Now, New Year’s, or “Oshogatsu,” on the other hand, is a very big deal. Most Japanese are off for a whole week from late December until Jan. 4. Every year, we would go to his parents’ house in Kyoto, where his mother would cook all the traditional foods. And then one day we would all walk to Kitano Tenman-gu , a Shinto shrine near their house, to do our “hatsumode“.
Although Oshogatsu is considered a serious holiday, more for reflection and atonement and quiet time with loved ones than revelry, kids still have their fun. They receive “otoshidama” — envelopes of cash — from all their relatives. The entire country shuts down for a few days, but most toy stores, from big chains to mom-and-pop shops, are open for business, so that kids can spend their holiday loot.
Now that we’re in America, of course, Christmas is a very big deal, but I’ve managed to keep it low-key in our house.
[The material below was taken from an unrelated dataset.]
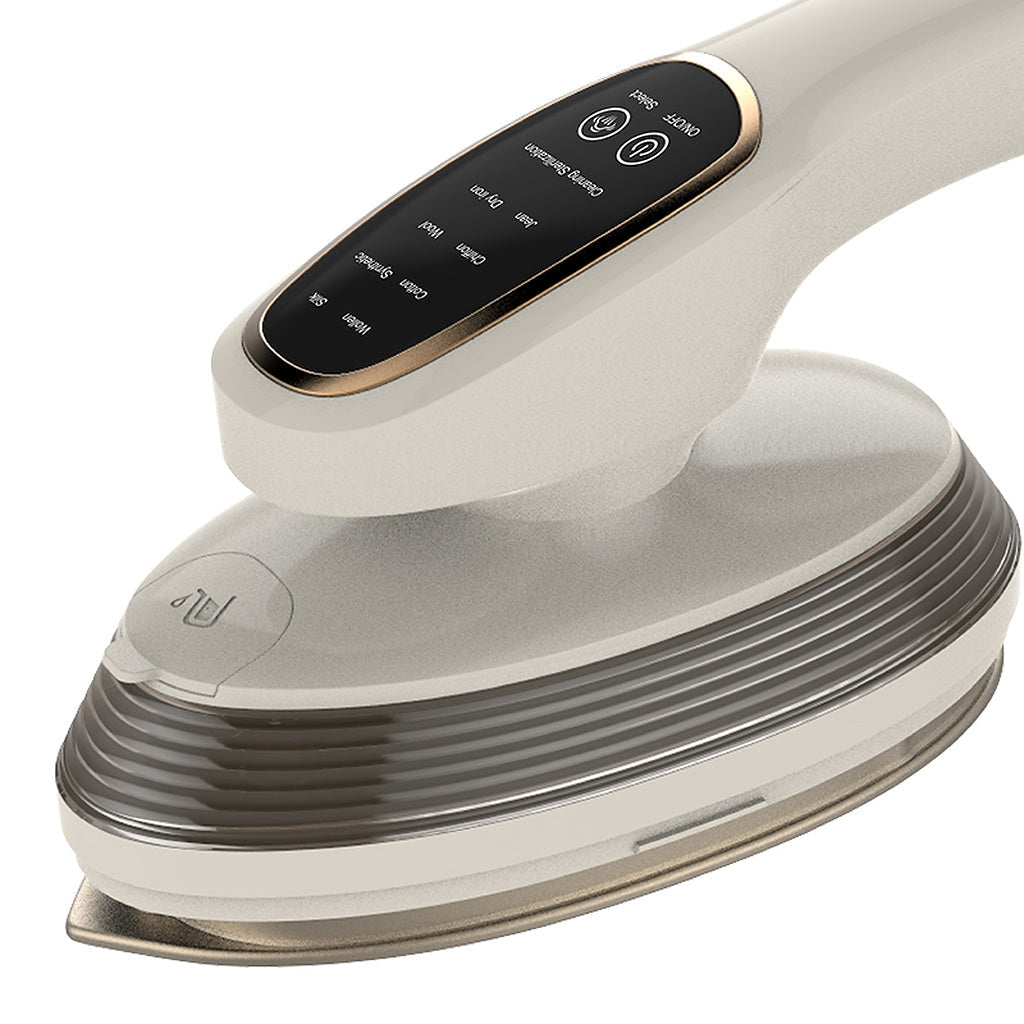 Aparat de Călcat Vertical și Orizontal cu Aburi HALEY® HY-6601, 2000W, Cap Rotativ la 90°, Panou de Control Tactil, Încălzire Rapidă în 20 Secunde, 3 Niveluri de Abur, Rezervor 120 ml, Funcție de Călcare Uscată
My kids are conditioned to not expect very much, which I’ve recognized is a very good thing. They get one big present (this year they got a Wii) and a few stocking stuffers, and that’s it.
There are a couple of Christmas traditions that we brought over from Tokyo:
We still make a Christmas cake (from a mix in a box, of course) and I let the kids decorate it themselves with lots of gooey white icing and candy.
We decorate a live, potted pine tree. Cut trees are hideously expensive over there — a friend of mine once paid the equivalent of $200 for one. I didn’t want to go the artificial tree route because we always lived in tiny apartments in Tokyo, and I just didn’t want another damn box to store. So I bought a small tree growing in a pot. It lived on our balcony 11 months of the year, and every year I put it into a larger pot, so it got a little bigger. We used the same tree for our seven Christmases in Tokyo. In San Francisco, an Afghan pine I bought in 2005 for about 50 bucks at Home Depot has just been decorated for its third year, so I think I really got my money’s worth.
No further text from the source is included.